Lições sobre eleições lusas para Moçambique

OPINIÃO

Alexandre Chiure

Quando as eleições são livres, justas e transparentes tornam o próprio processo eleitoral simples e animador. É o que se viu em relação a Portugal. Mais de seis milhões de portugueses foram às urnas no dia 10 de Março e já no dia seguinte sabíamos, sem barulho, quem ganhou.

O que acompanhamos é que, no fim, cada um dos partidos fez uma declaração. Para a Aliança Democrática (AD), uma coligação de que faz parte o Partido Social Democrata (PSD), foi da vitória e outras de felicitações ao vencedor e de agradecimento aos eleitores pelo seu voto e mais nada.

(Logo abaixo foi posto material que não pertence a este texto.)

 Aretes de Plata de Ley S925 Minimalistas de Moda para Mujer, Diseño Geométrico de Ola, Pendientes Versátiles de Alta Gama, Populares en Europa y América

Não ouvimos nada que se pareça com rejeição dos resultados, nem algo relacionado com a fraude eleitoral. Nada disso. Vimos, isso sim, os portugueses a abraçarem-se uns aos outros numa verdadeira festa de democracia em que quem ganhou ganhou e quem perdeu perdeu. Uma coisa simples como essa.

Os partidos que perderam eleições, como é o caso do Partido Socialista de Pedro Nuno Santos, estão a preparar-se para fazer uma oposição responsável e convencer aos portugueses de que são uma alternativa política para a governação do país.

Todos os actores políticos aceitaram os resultados com muita naturalidade. A AD, que derrubou o PS do poder, está a fazer alianças com outras formações políticas para a constituição do governo. Tudo feito de uma forma simples e impressionante.

É assim como as coisas devem ser feitas em boa democracia. Moçambique, antiga colónia portuguesa, copia quase tudo que os portugueses fazem, nomeadamente a burocracia, o gosto de ser chamado de doutor por tudo e nada e em termos de leis. Por muito tempo, o país usou o Código Penal de 16 de Setembro de 1886, da era colonial, até 2014.

O que Moçambique não consegue é copiar dos portugueses e da vizinha África do Sul a forma como se organizam eleições verdadeiramente justas, livres e transparentes.

O país tem estado a integrar o grupo de observadores da SADC em sufrágios na RSA, mas até aqui não aprendeu nada. Desde a introdução de multipartidarismo, em 1990, Moçambique nunca teve eleições em que os resultados foram aceites por todos devido a irregularidades e ilícitos eleitorais que caracterizam os processos eleitorais moçambicanos.

Se fossemos nós, moçambicanos, por exemplo, que votámos no dia 10 de Março, seria cedo demais para falarmos dos resultados. Estaríamos a discutir que houve fraude a favor do partido no poder, a queixarmo-nos das urnas que saíram pela janela e das assembleias de voto que ficaram sem luz na hora da contagem dos votos.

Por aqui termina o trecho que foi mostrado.